InnoDB Fulltext Search now supports plugin parser in MySQL 5.7.3 release. It is a compatible feature as for MyISAM Fulltext Search. So the syntax and usage remain to be largely the same.

A parser plugin can operate in either of two roles:

a) The plugin can replace the built-in parser. In this role, the plugin reads the input to be parsed, splits it up into words, and passes the words to the server (either for indexing or for word accumulation).

b) The plugin can act in conjunction with the built-in parser by serving as a front end for it. In this role, the plugin extracts text from the input and passes the text to the parser, which splits up the text into words using its normal parsing rules.

If you want to write your own full text plugin, please refer to http://dev.mysql.com/doc/refman/5.7/en/writing-full-text-plugins.html.

If you have a existing plugin parser for MyISAM, there would be some minor modifications in order to make it run on InnoDB, even if your plugin can be compiled without any warnings or errors.

1. Set word position in MYSQL_FTPARSER_BOOLEAN_INFO.[MUST]
We add a new member named ‘position’ in MYSQL_FTPARSER_BOOLEAN_INFO as you can see below.

typedef struct st_mysql_ftparser_boolean_info
{
enum enum_ft_token_type type;
int yesno;
int weight_adjust;
char wasign;
char trunc;
int position;
/* These are parser state and must be removed. */
char prev;
char *quot;
} MYSQL_FTPARSER_BOOLEAN_INFO;

position‘ means a word’s offset in the document being parsered and it’s used to support phrase search in fulltext query. In InnoDB, when we check whether a document matches a phrase, we parse the documents from the word’s positions directly to see if the phrase is matched. In MyISAM, we need to parse the whole document from the beginning.
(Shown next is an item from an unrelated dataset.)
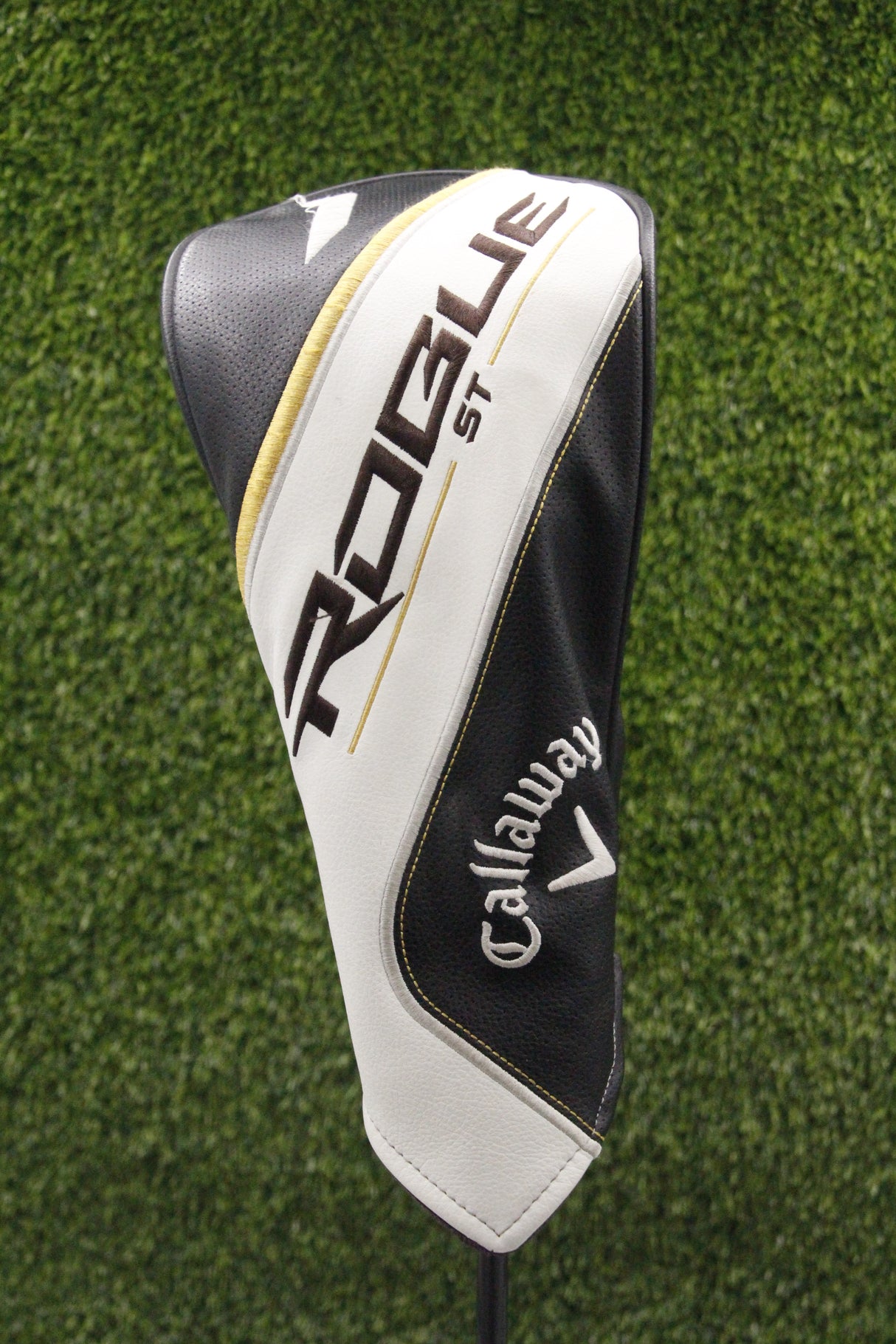 Callaway Rogue ST Max Draw 10.5° Driver S Flex 45.5" w/ HC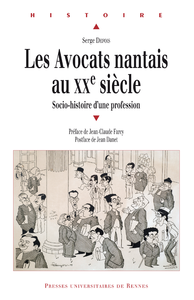 Libro electrónico Les avocats nantais au XXe siècle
2. Check ‘mysql_add_word’ return value.[Strongly Recommended]
We should check the return value in our plugin parser whenever calling zmysql_add_word’, and stop if error occurs inside ‘mysql_add_word’.
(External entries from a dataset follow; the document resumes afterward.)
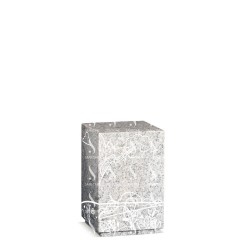 U46-00 - URNE EN GRANIT AVEC MOTIFS - Sansone Collection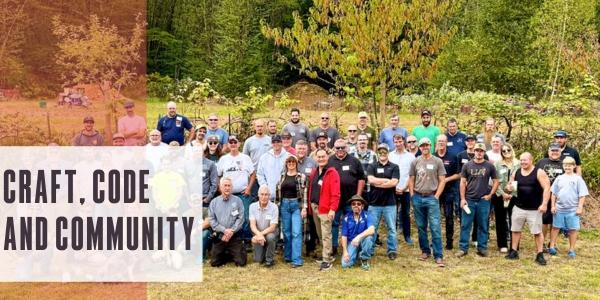 Craft, code and community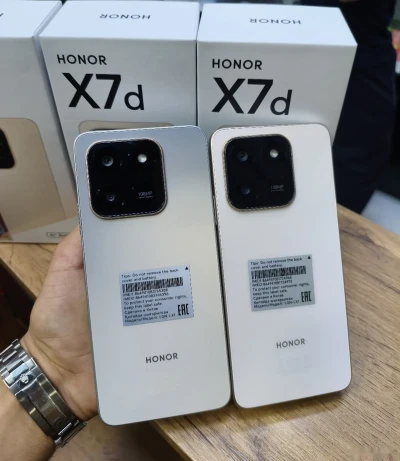 Honor X7d 256 gb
3. Skip Stopword Check.[Strongly Recommended]
The plugin parsers don’t need to check stopword, innodb_fts_min_token_size and innodb_fts_max_token_size.
Just return every single word to InnoDB and let InnoDB do the checks.

However if there is need for plugin parser handles stopword, then the plugin must be in
‘MYSQL_FTPARSER_SIMPLE_MODE’ mode, which is for fulltext index build and natural language search. In ‘MYSQL_FTPARSER_WITH_STOPWORDS’ and
‘MYSQL_FTPARSER_FULL_BOOLEAN_INFO’m mode, we should return every single word including stopwords to InnoDB in case of phrase search, or we may get unexpected results.
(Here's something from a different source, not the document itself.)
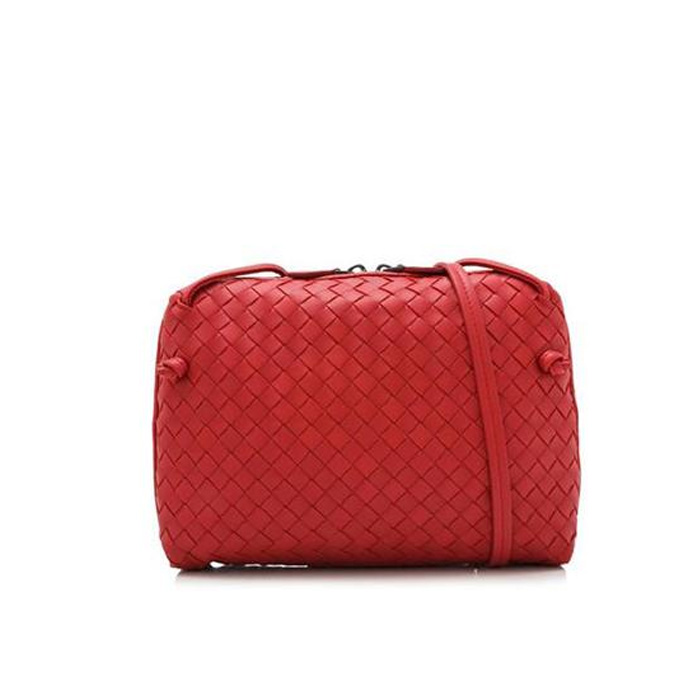 ボッテガヴェネタ BOTTEGA VENETA BAG レディースバッグ 245354 V0016 6575 RED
BTW, We don’t support proximity search in plugin parser now. so ‘@’ is ignored and digits after it will be treated as a normal token.
For example, (‘(“msyql database”)@3′ IN BOOLEAN MODE) is equal to (‘”mysql database” 3′ IN BOOLEAN MODE).

For more information, please refer to MySQL documentation, which list above points/limits as well.